Provided material:

== Segment start ==

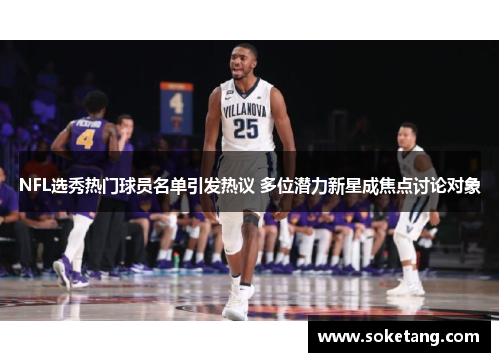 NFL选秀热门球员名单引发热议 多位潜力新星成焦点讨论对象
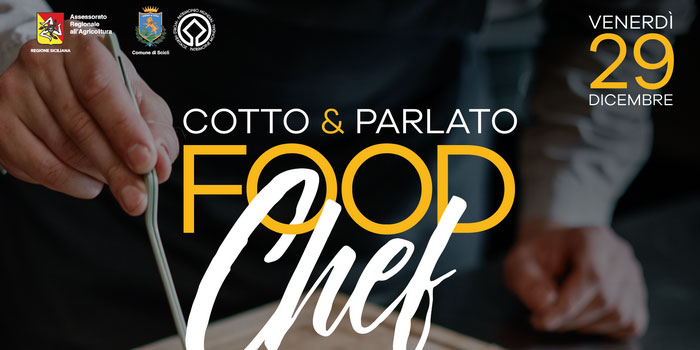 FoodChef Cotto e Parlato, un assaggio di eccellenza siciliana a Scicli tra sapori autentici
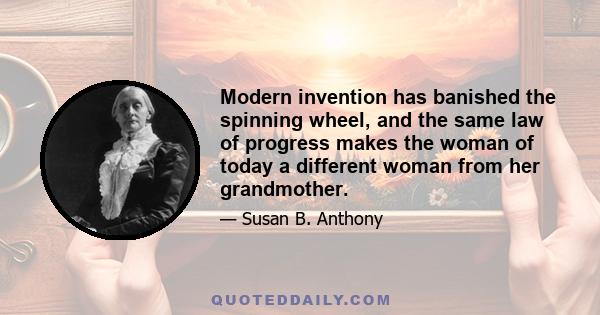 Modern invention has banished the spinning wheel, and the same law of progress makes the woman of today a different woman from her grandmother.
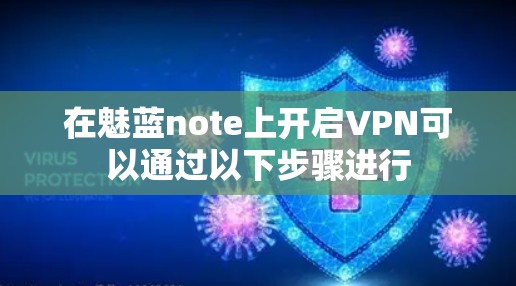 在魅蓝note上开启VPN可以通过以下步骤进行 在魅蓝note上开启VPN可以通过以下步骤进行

== Segment end ==
== Segment start ==

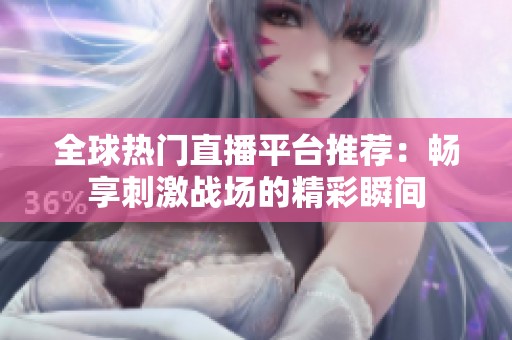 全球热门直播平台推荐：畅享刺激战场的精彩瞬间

== Segment end ==

Problem description:
From the records above, quote word for word only the lines beginning at the line that has "Modern invention has" and stopping after the line that has "在魅蓝note上开启VPN可以通过以下步骤进行 在魅蓝n". Omit the pictures.

Answer area:
 Modern invention has banished the spinning wheel, and the same law of progress makes the woman of today a different woman from her grandmother.
 在魅蓝note上开启VPN可以通过以下步骤进行 在魅蓝note上开启VPN可以通过以下步骤进行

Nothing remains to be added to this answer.